Recorded data
Start of Block

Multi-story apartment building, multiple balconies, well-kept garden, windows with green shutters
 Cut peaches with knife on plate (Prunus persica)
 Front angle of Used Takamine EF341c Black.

End of Block

Task statement
Reproduce the listing above word for word.

Solution to this task
Multi-story apartment building, multiple balconies, well-kept garden, windows with green shutters
 Cut peaches with knife on plate (Prunus persica)
 Front angle of Used Takamine EF341c Black.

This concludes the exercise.